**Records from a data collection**

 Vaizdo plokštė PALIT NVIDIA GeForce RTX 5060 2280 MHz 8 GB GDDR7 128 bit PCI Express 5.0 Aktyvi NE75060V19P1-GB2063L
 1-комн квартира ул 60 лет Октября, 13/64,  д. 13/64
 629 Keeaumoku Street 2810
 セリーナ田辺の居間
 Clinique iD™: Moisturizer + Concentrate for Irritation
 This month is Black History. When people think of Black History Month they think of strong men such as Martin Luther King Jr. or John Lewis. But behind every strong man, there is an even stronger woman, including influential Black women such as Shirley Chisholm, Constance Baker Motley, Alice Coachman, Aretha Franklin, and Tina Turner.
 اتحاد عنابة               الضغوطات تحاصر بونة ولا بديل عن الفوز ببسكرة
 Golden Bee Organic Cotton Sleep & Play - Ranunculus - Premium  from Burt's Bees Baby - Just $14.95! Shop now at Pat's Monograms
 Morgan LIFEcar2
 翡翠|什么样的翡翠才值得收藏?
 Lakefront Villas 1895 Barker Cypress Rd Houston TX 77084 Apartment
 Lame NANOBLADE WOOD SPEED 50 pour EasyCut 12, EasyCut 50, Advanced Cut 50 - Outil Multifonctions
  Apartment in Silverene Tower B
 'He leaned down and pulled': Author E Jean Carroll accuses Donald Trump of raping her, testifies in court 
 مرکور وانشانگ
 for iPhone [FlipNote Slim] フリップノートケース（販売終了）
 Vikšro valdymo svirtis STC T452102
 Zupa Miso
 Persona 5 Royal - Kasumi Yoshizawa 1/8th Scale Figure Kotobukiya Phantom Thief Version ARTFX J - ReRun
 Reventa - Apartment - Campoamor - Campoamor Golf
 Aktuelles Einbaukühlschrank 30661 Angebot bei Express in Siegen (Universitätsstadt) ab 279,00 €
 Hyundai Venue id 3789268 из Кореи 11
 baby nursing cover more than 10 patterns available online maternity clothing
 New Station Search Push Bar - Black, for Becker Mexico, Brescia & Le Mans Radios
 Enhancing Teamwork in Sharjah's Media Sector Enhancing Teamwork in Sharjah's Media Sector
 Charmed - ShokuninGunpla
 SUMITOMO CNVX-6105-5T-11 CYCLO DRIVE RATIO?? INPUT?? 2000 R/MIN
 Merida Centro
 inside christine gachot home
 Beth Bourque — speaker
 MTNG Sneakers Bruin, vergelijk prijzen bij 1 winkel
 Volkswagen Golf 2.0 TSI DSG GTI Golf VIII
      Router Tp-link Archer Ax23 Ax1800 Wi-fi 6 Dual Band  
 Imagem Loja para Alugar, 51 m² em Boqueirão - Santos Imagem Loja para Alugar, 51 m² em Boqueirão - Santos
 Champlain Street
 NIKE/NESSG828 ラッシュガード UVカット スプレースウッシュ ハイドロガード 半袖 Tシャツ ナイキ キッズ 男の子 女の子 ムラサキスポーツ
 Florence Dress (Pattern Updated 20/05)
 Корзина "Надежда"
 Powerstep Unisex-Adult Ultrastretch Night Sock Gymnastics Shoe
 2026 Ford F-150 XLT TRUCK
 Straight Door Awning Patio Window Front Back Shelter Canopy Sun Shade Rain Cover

**Try it**
The entries above hold the needed span. Transcribe exactly the lines from the one with "Lame NANOBLADE WOOD" to the one with "Reventa - Apartment", both included.

**Written solution**
 Lame NANOBLADE WOOD SPEED 50 pour EasyCut 12, EasyCut 50, Advanced Cut 50 - Outil Multifonctions
  Apartment in Silverene Tower B
 'He leaned down and pulled': Author E Jean Carroll accuses Donald Trump of raping her, testifies in court 
 مرکور وانشانگ
 for iPhone [FlipNote Slim] フリップノートケース（販売終了）
 Vikšro valdymo svirtis STC T452102
 Zupa Miso
 Persona 5 Royal - Kasumi Yoshizawa 1/8th Scale Figure Kotobukiya Phantom Thief Version ARTFX J - ReRun
 Reventa - Apartment - Campoamor - Campoamor Golf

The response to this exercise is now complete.